Celtic Connections is set to join forces with the Edinburgh International Festival to get major new productions off the ground.
Glasgow’s biggest music festival is expected to share the costs of commissioning and producing large-scale shows in the next few years under a new partnership forged by their artistic directors.
It is expected to help both events – which have a combined ticket-buying audience of more than a quarter of a million – cope with the impact of freezes in their public funding.
The move, which could see at least one joint production staged each year at both events, has emerged after Celtic Connections confirmed it would be reviving two hit shows from this year’s EIF in its 18-day 2017 programme.
Singer-songwriter Karine Polwart’s stage show Wind Resistance, which had a sell-out run at the Royal Lyceum in the summer, will be back at the Tron Theatre in Glasgow.
The Mitchell Theatre will play host to Flit, accordionist Martin Green’s show which saw Portishead’s Adrian Utley, Mogwai’s Dominic Aitchison, and singers Becky Unthank and Adam Holmes perform at the EICC.
One of the hot tickets at this year’s EIF – a live version of the ground-breaking musician Martyn Bennett’s final album – was originally commissioned by Celtic Connections in 2014. From Scotland With Love, King Creosote’s acclaimed show which married new music and song with archive film footage, was staged at the EIF months after a sell-out Celtic Connections gig.
Donald Shaw, artistic director of Celtic Connections, revealed he unsuccessfully tried to persuade Sir Jonathan Mills, the predcessor of current EIF chief Fergus Linehan, to embrace Scottish music.
He said: “I used to write every year to complain. It felt strange that the biggest arts festival in the world was in Scotland and yet it had no representation of Scottish music whatsoever, but nothing happened.
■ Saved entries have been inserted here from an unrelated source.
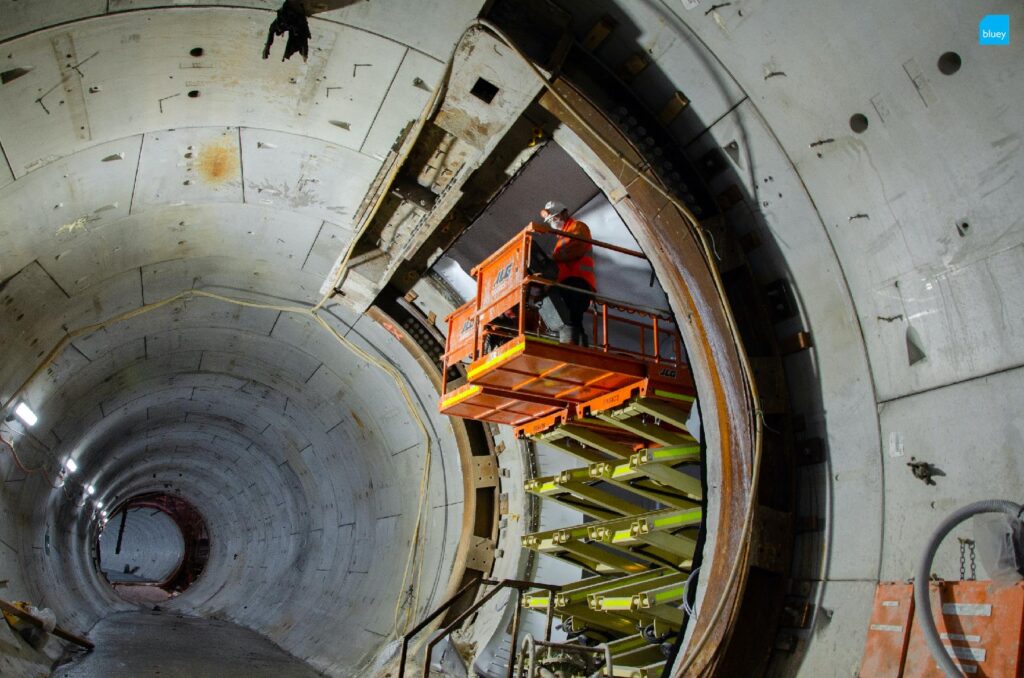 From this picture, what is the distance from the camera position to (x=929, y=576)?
3.64 m

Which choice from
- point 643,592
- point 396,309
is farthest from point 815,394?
point 396,309

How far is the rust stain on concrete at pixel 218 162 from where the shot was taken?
696 centimetres

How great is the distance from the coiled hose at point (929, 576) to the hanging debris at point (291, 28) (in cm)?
462

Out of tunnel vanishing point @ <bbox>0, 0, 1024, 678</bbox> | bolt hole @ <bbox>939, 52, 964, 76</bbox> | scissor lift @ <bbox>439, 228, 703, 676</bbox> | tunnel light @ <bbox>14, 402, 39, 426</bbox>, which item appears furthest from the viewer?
tunnel light @ <bbox>14, 402, 39, 426</bbox>

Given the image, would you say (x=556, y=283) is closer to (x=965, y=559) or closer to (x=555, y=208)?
(x=555, y=208)

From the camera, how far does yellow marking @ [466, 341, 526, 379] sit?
5910mm

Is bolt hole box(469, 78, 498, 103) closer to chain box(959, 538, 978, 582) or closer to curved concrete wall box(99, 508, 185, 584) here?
chain box(959, 538, 978, 582)

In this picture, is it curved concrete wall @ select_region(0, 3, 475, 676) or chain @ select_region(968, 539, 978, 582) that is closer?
chain @ select_region(968, 539, 978, 582)

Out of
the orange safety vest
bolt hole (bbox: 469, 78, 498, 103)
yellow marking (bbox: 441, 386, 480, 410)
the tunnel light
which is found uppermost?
bolt hole (bbox: 469, 78, 498, 103)

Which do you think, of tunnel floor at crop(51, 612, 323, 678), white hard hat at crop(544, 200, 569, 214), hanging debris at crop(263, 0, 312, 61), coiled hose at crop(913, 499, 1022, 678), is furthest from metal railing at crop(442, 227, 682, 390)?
tunnel floor at crop(51, 612, 323, 678)

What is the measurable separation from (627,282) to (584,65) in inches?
94.5

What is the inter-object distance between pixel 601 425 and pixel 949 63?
437cm

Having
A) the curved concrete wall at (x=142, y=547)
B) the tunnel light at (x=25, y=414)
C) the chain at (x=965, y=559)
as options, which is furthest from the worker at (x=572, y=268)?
the curved concrete wall at (x=142, y=547)

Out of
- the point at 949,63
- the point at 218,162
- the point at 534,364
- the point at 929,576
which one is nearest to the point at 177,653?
the point at 218,162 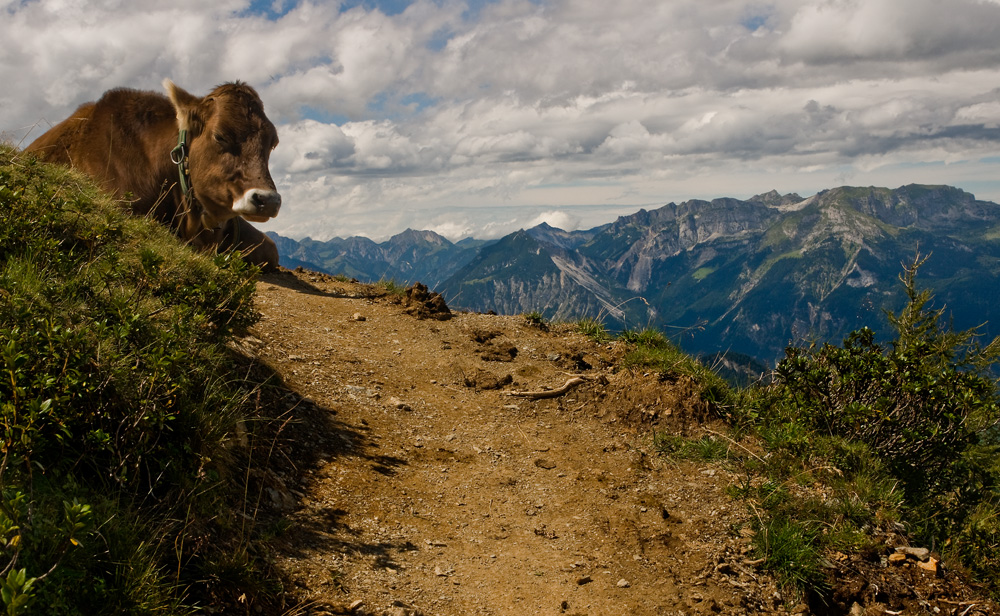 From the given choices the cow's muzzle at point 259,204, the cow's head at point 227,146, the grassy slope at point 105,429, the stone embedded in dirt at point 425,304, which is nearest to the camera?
the grassy slope at point 105,429

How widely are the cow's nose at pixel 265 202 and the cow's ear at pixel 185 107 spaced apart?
6.51 ft

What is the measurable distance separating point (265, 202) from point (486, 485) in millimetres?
5710

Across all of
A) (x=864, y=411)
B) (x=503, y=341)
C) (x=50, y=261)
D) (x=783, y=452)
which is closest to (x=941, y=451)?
(x=864, y=411)

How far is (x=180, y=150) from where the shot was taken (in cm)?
1040

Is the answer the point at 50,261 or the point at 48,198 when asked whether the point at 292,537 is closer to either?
the point at 50,261

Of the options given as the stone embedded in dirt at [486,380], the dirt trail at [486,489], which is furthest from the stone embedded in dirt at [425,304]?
the stone embedded in dirt at [486,380]

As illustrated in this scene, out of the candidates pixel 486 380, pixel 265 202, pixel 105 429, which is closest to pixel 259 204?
pixel 265 202

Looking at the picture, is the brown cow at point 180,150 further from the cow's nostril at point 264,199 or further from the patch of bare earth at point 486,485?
the patch of bare earth at point 486,485

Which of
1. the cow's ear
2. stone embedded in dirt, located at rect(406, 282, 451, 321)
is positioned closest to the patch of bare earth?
stone embedded in dirt, located at rect(406, 282, 451, 321)

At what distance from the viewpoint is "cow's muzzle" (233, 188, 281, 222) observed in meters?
9.56

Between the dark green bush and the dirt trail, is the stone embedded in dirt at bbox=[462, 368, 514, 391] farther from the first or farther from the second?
the dark green bush

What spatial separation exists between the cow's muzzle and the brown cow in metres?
0.02

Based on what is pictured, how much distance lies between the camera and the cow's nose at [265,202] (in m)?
9.56

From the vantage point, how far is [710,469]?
286 inches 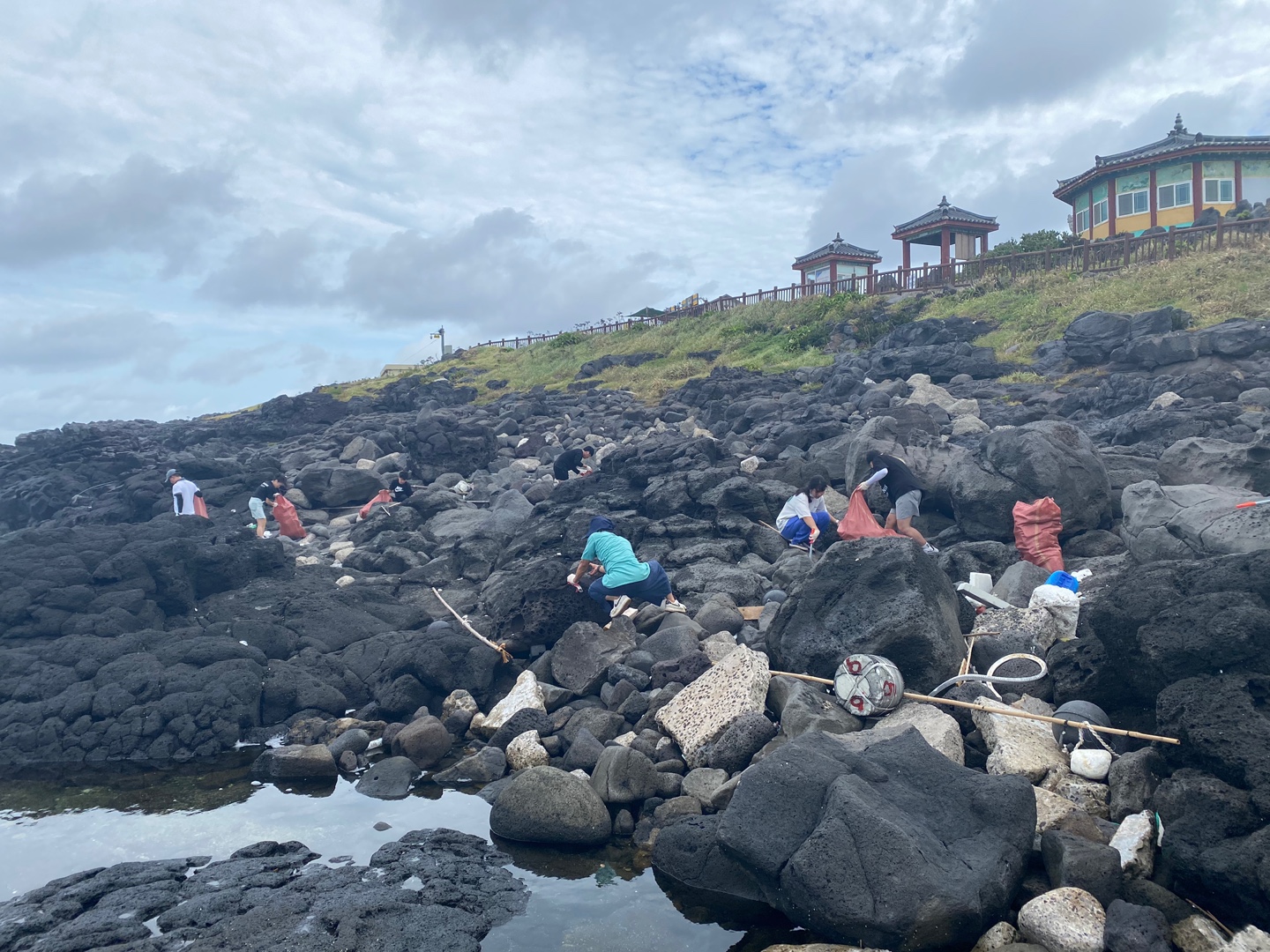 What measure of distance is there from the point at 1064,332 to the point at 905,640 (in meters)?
19.7

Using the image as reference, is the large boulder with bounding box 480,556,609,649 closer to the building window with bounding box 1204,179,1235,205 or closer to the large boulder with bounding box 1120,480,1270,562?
the large boulder with bounding box 1120,480,1270,562

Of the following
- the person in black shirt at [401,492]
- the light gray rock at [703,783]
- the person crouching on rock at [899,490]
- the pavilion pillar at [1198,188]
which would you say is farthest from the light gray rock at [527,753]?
the pavilion pillar at [1198,188]

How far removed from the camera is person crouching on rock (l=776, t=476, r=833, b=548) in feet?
40.2

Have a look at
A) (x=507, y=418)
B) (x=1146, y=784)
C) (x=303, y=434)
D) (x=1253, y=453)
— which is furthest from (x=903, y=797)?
(x=303, y=434)

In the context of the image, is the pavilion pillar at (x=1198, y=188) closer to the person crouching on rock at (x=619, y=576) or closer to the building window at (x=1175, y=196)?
the building window at (x=1175, y=196)

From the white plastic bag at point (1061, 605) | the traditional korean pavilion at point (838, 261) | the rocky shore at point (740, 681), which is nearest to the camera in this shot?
the rocky shore at point (740, 681)

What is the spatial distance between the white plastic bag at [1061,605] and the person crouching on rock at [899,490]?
330cm

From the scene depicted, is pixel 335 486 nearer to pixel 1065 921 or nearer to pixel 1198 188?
pixel 1065 921

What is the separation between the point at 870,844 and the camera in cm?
497

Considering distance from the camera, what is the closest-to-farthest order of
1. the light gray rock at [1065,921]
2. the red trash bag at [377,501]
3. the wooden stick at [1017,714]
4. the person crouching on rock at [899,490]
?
the light gray rock at [1065,921], the wooden stick at [1017,714], the person crouching on rock at [899,490], the red trash bag at [377,501]

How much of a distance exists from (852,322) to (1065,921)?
2987 cm

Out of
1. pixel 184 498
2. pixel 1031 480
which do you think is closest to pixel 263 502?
pixel 184 498

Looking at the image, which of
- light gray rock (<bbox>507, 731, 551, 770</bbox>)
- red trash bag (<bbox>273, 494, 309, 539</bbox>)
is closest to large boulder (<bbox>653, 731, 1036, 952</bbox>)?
light gray rock (<bbox>507, 731, 551, 770</bbox>)

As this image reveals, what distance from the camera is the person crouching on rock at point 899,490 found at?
11828mm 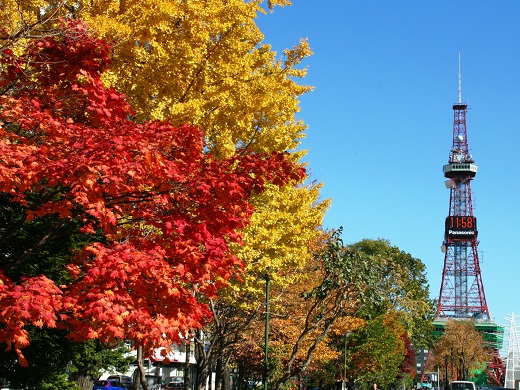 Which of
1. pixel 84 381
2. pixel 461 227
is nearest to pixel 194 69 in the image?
pixel 84 381

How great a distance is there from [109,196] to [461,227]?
466 feet

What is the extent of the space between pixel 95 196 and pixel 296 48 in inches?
409

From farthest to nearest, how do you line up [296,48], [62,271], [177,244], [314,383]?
[314,383] < [296,48] < [62,271] < [177,244]

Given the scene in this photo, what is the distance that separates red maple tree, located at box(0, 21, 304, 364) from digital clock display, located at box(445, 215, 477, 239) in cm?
13947

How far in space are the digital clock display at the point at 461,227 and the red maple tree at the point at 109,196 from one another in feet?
458

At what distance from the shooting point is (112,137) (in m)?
7.77

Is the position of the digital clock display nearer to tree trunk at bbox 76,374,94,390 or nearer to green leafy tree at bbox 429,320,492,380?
green leafy tree at bbox 429,320,492,380

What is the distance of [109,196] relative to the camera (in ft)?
28.5

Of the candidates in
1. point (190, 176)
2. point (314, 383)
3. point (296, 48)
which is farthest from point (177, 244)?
point (314, 383)

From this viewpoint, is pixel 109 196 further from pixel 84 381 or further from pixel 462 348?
pixel 462 348

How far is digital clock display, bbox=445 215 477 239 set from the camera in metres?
143

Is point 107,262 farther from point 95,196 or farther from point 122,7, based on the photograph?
point 122,7

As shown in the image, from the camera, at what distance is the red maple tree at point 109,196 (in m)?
7.40

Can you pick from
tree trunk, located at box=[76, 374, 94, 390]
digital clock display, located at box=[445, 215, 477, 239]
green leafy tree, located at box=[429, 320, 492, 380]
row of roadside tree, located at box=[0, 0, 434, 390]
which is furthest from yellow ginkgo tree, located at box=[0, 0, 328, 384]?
digital clock display, located at box=[445, 215, 477, 239] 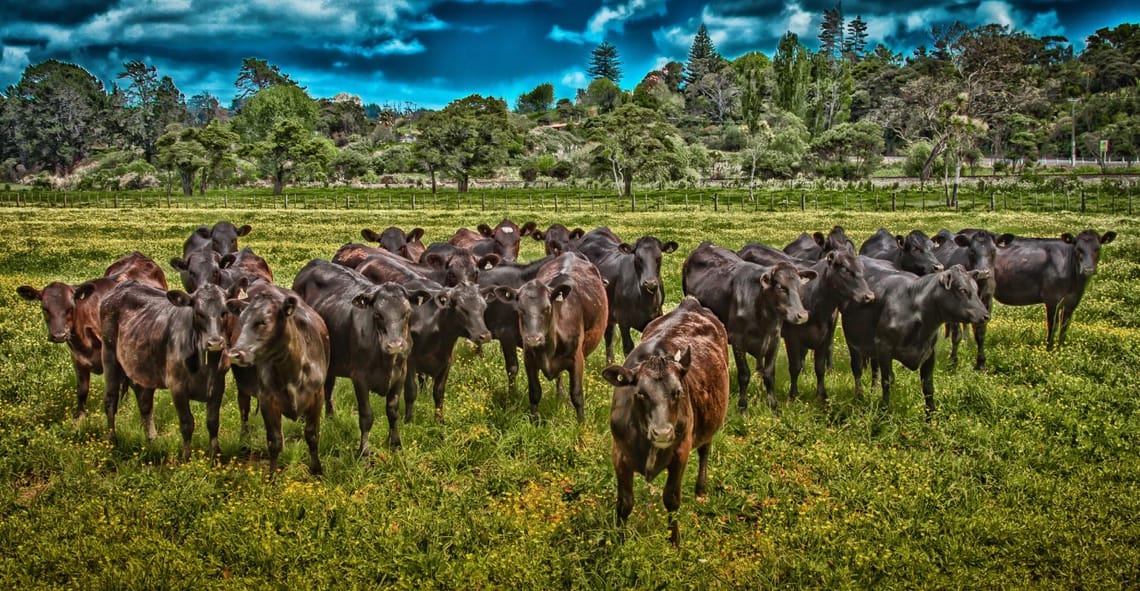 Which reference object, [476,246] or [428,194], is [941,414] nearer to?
[476,246]

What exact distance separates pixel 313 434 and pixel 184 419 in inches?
60.5

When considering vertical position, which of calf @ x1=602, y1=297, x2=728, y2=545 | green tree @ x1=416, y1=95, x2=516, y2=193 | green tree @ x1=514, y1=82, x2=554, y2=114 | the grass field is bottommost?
the grass field

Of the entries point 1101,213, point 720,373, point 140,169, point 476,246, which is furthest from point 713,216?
point 140,169

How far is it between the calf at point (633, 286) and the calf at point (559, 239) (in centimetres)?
166

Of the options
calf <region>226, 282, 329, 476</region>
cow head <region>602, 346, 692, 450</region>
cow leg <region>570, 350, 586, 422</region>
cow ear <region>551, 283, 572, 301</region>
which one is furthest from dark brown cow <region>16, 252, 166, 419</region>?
cow head <region>602, 346, 692, 450</region>

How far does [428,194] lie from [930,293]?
57.3 m

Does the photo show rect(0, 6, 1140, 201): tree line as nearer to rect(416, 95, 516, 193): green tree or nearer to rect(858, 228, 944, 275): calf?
rect(416, 95, 516, 193): green tree

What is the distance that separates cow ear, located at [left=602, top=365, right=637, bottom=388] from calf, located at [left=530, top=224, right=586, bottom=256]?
860 centimetres

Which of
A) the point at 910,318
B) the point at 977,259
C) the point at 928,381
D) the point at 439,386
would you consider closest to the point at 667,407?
the point at 439,386

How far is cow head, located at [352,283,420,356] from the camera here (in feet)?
24.9

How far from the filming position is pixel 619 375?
5562 millimetres

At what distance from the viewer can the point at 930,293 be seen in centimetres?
892

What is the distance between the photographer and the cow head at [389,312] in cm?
758

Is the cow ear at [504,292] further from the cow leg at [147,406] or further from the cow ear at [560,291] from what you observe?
the cow leg at [147,406] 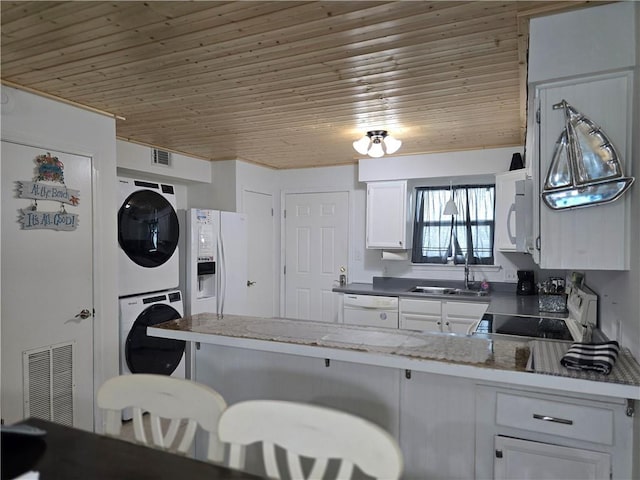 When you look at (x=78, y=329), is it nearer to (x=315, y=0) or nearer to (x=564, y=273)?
(x=315, y=0)

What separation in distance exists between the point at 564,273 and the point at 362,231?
6.86 ft

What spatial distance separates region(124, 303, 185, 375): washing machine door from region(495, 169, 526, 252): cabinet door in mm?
2996

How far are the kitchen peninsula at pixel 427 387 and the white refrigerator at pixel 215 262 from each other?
5.60 feet

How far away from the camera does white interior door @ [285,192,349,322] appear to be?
4965 mm

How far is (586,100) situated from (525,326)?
1.51m

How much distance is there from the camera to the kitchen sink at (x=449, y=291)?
400 centimetres

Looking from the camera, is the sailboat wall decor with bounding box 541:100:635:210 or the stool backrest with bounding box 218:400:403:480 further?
the sailboat wall decor with bounding box 541:100:635:210

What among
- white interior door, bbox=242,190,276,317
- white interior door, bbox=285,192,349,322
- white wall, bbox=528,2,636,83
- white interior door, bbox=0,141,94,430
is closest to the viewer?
white wall, bbox=528,2,636,83

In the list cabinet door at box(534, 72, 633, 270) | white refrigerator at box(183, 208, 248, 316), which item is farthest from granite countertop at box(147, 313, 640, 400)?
white refrigerator at box(183, 208, 248, 316)

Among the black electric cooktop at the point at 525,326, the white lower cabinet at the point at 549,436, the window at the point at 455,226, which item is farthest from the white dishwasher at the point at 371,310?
the white lower cabinet at the point at 549,436

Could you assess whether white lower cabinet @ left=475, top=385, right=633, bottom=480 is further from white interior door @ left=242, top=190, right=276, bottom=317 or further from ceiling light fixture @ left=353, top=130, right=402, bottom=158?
white interior door @ left=242, top=190, right=276, bottom=317

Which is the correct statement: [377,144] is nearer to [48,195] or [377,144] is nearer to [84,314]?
[48,195]

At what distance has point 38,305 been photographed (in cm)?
247

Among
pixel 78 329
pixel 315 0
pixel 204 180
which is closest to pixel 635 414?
pixel 315 0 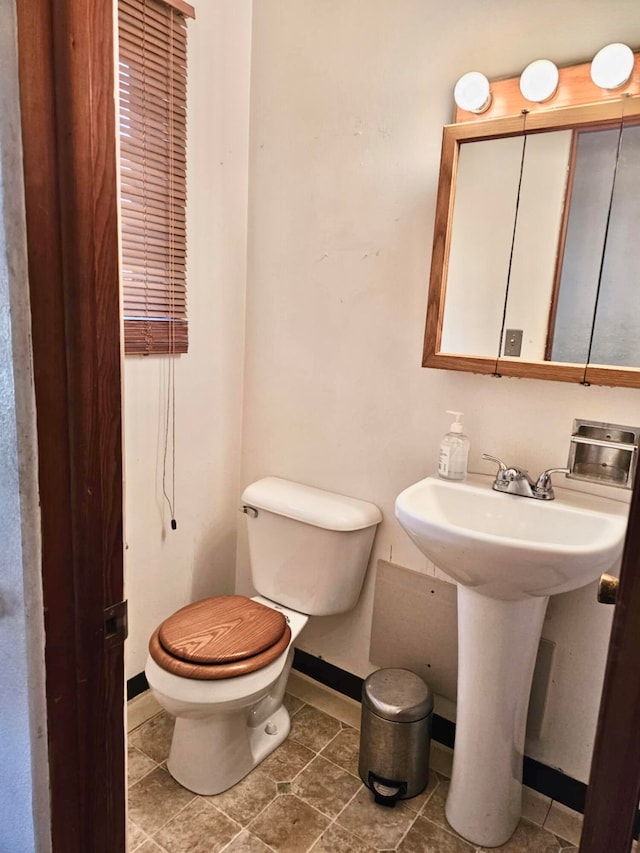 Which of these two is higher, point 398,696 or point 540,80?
point 540,80

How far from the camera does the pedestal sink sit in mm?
1183

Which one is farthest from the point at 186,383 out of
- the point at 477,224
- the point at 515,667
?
the point at 515,667

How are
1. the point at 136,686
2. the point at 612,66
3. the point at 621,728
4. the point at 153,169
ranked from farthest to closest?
the point at 136,686
the point at 153,169
the point at 612,66
the point at 621,728

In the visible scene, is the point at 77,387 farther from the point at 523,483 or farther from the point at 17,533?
the point at 523,483

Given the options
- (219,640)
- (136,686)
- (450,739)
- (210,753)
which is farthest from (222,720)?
(450,739)

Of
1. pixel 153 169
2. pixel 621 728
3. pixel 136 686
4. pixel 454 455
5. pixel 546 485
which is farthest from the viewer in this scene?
pixel 136 686

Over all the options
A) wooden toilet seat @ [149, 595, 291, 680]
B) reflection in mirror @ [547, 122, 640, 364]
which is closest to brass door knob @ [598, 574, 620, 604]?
reflection in mirror @ [547, 122, 640, 364]

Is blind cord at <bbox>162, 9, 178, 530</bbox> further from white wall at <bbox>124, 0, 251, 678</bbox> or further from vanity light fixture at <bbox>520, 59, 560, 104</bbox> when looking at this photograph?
vanity light fixture at <bbox>520, 59, 560, 104</bbox>

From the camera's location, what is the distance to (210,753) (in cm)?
158

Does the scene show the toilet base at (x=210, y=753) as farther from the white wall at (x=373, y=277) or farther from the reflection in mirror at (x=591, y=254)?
the reflection in mirror at (x=591, y=254)

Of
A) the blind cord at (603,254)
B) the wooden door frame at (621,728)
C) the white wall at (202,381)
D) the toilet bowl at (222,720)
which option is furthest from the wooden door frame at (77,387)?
the blind cord at (603,254)

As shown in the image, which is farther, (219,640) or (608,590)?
(219,640)

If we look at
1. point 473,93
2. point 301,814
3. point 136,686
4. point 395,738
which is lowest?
point 301,814

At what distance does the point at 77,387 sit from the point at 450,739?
1619 mm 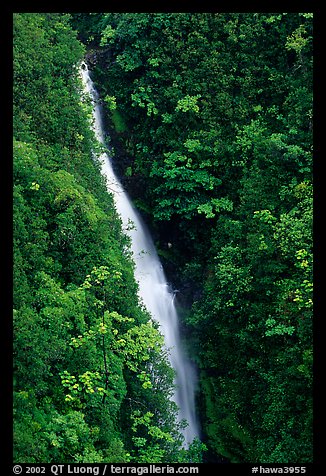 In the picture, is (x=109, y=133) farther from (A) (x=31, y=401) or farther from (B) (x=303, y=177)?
(A) (x=31, y=401)

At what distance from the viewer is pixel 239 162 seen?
44.7 feet

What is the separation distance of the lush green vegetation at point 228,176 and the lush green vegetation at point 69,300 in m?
1.99

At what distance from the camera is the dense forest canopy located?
28.9ft

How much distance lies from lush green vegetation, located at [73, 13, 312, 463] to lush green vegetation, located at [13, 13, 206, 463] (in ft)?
6.54

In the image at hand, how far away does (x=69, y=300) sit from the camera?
9.11 meters

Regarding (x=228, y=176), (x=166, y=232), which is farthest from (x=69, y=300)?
(x=228, y=176)

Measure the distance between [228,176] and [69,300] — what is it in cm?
630

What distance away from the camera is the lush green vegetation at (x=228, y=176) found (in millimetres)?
11586

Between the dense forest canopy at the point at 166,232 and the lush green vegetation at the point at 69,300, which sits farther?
the dense forest canopy at the point at 166,232

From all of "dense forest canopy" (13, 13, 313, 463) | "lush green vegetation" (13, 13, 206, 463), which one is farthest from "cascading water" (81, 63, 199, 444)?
"lush green vegetation" (13, 13, 206, 463)

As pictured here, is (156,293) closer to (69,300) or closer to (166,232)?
(166,232)

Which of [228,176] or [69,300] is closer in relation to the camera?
[69,300]

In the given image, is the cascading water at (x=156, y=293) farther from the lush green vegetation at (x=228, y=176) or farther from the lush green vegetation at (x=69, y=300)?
the lush green vegetation at (x=69, y=300)

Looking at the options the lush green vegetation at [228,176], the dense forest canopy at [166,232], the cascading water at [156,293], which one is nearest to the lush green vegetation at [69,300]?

We’re really happy about creating a relationship with the EIF.
“With Fergus looking at having a more contemporary music strand, it allows us to have a conversation about what would work for both festivals. We’re not competing in terms of the time of the year or geographically. It just seems to make a lot of sense. We don’t have much lee-way in terms of a commissioning budget for creating shows. It would be about whether the idea fitted for both of us, but it would be nice to do one or two a year that had real resonance.”